IMF flags rising fiscal challenges in Dominica, presses for reform action
Dominica’s economy continued to grow in 2025 after the pandemic, but the International Monetary Fund is urging the government to tighten fiscal policy, strengthen financial oversight, and accelerate structural reforms to safeguard long-term stability.
Christopher Faircloth led an IMF mission that finished its 2026 Article IV consultation on March 26. The mission noted that the economy was doing well but warned that rising debt, widening deficits, and weaknesses in the financial sector are making things riskier.
The IMF said that real GDP expanded by 4.5% in 2025, up from 3.5% the year before. This was because the tourism sector was now 36% larger than before the epidemic, and public investment projects were still underway. Inflation dropped to 2.3 per cent, but the current account deficit remained high at 38 per cent of GDP because construction requires many imports.

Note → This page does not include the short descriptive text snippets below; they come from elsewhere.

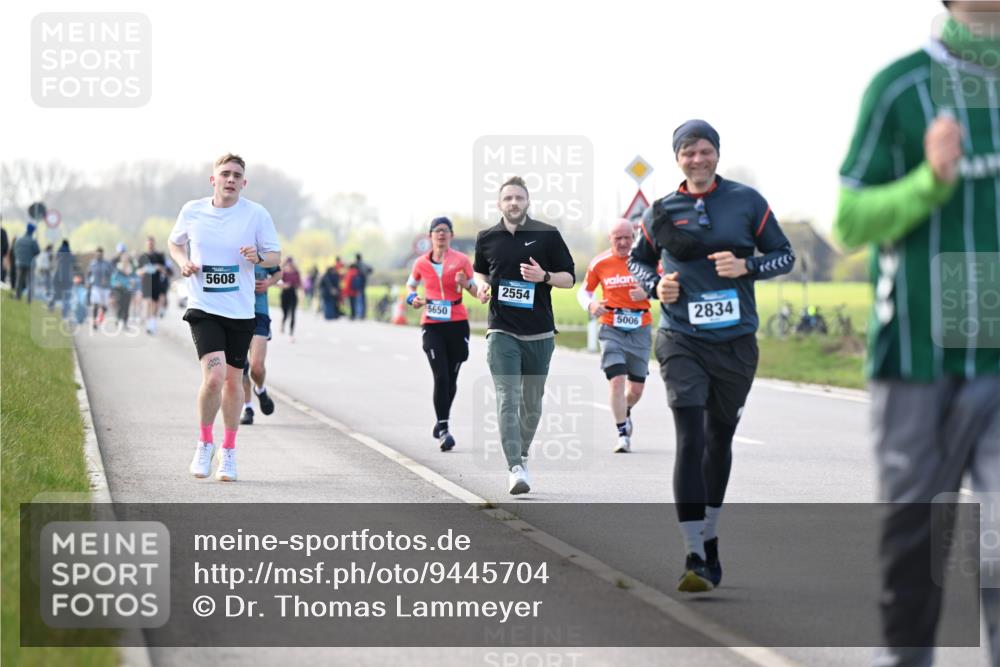 12.04.2026 - 45. Internationalen Wilhelmsburger Insellauf Dr. Thomas Lammeyer http://msf.ph/oto/9445704 12.04.2026 10:24:05 Laufen 5608, 5650, 2554, 2834, 5006 meine-sportfotos.de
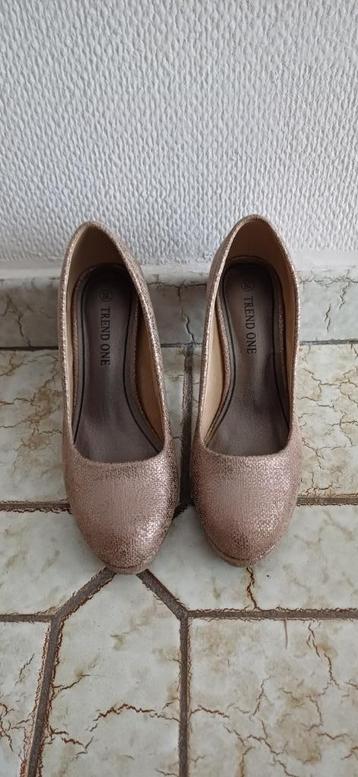 roze glitter pump beschikbaar voor biedingen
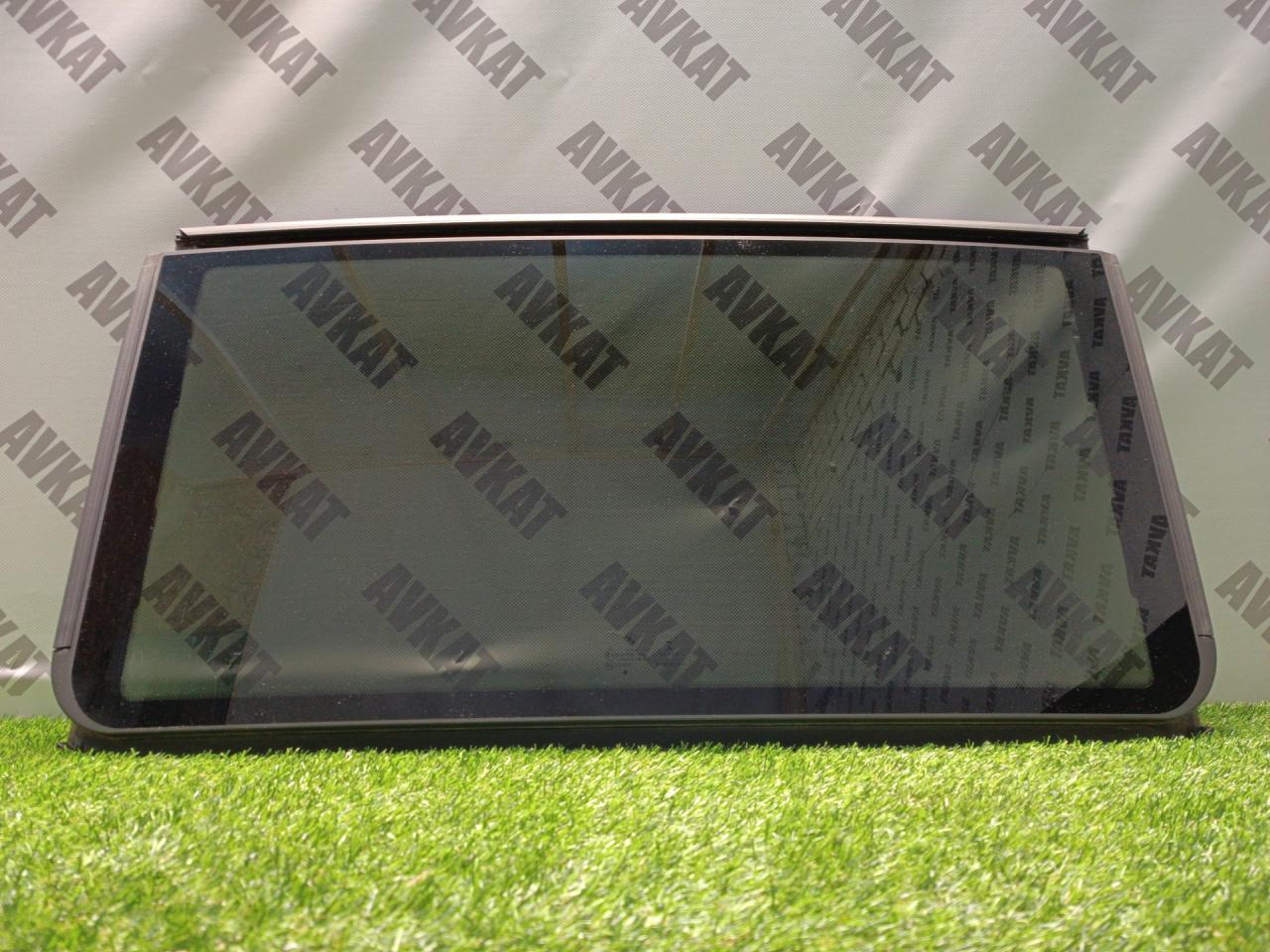 Стекло панорамной крыши BMW X4 M F98 2021, 3.0 л., s58b30a, бензин, АКПП, donington-grau metallic (c28), внедорожник 5 дв., 54109466784, 9466784 - фото №1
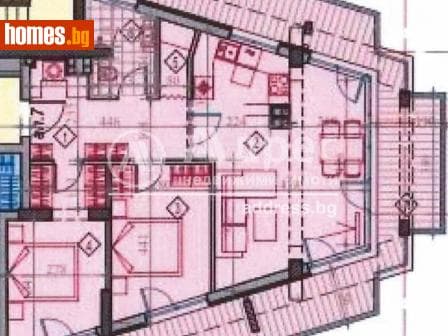 Тристаен, 136m²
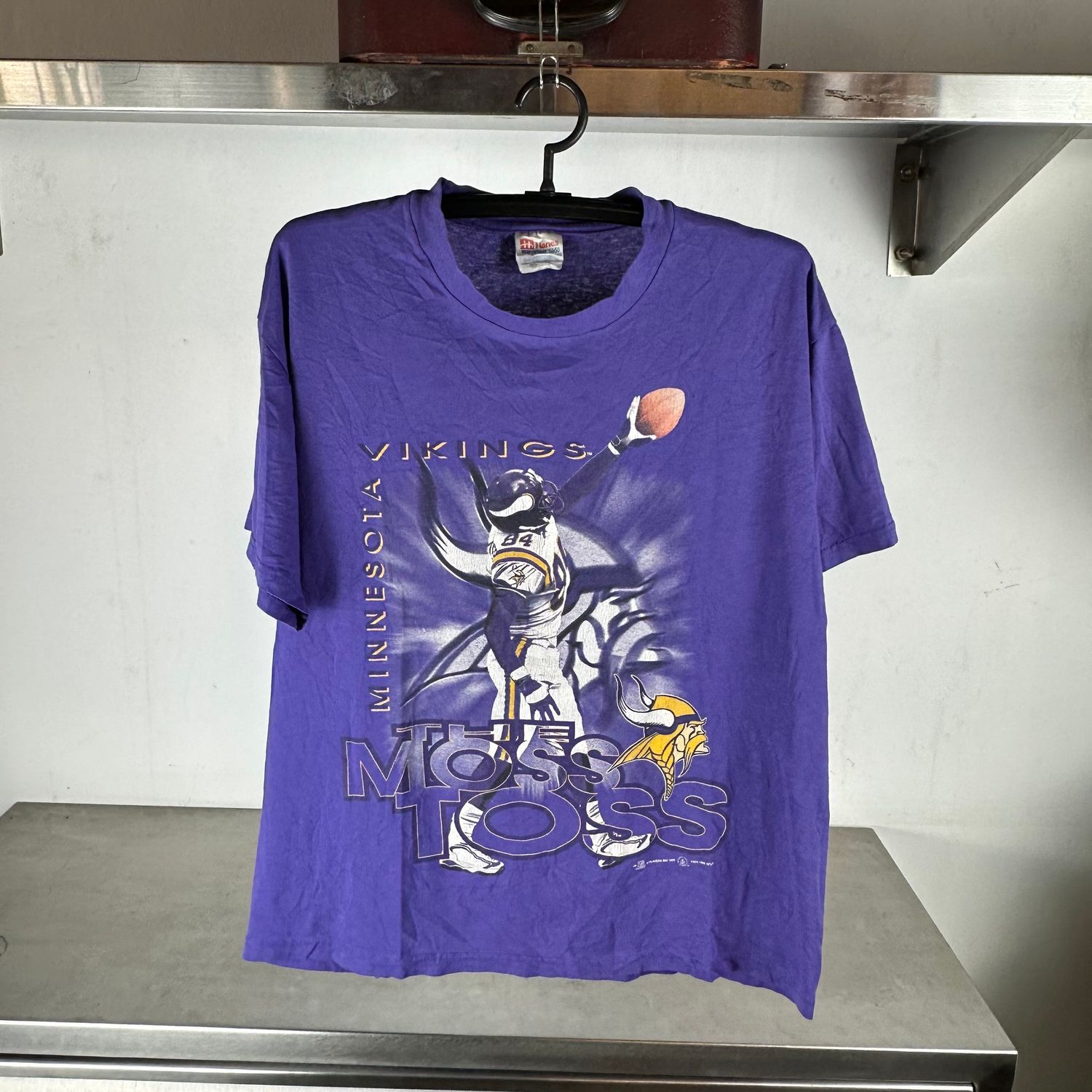 ​Vintage 1998 Randy Moss Minnesota Vikings NFL T-shirt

The main fiscal deficit rose to 4.5 per cent of GDP due to large infrastructure expenditures, including major highways and geothermal transmission lines. This ended years of progressive stabilisation. Even though public debt is lower than its epidemic high of 118 per cent of GDP, it remains high at 103 per cent, well above the regional target of 60 per cent.
The Fund said that Dominica’s current fiscal path does not meet the standards of its Fiscal Rule, which requires the primary surplus to be at least 2% until debt falls below 60% of GDP. It further said that Dominica’s Disaster Resilience Strategy calls for building buffers that are equal to 12% of GDP.
The IMF says that to reach these goals, the government needs to make an extra EC$60 million in fiscal consolidation over the next two years. Half of that should happen by FY2026/27. The Fund stressed the need to cut back on revenue from Citizenship by Investment (CBI) and improve tax collection, all while safeguarding social programs and investments that will help the economy thrive.
The IMF said that large non-performing loans and high sovereign exposures remain problems, even though banks are liquid and well-capitalised. Borrowing unions, which now account for 53% of private-sector borrowing, are considerably more vulnerable because they have weak capital buffers and outdated rules.
The IMF asked for tougher implementation of provisioning norms, the completion of ongoing asset-quality reviews, and full engagement in regional regulatory efforts.
The research says that a lot of changes need to be made to make businesses more competitive and resilient, such as:
- Updating customs and making a single-window platform for everyone
- Improving digital infrastructure and vocational training
- Making business processes and laws better
- Improving governance and due diligence in the CBI program
The IMF also underlined the need to modernise how the government handles money, set up the long-delayed Fiscal Responsibility Committee, and make the statistics tools that support decisions better.
Growth is predicted to decline to about 3% in 2026–27 and subsequently to about 2% as big construction projects come to an end. By 2035, public debt is expected to be 70% of GDP. However, the IMF still thinks Dominica is at a high risk of going into debt difficulty.
Risks remain largely on the downside, including geopolitical tensions, uncertainty about CBI inflows, and Dominica’s high risk of natural disasters.
The IMF team commended the Dominican government for their “warm hospitality, cooperation, and constructive dialogue.”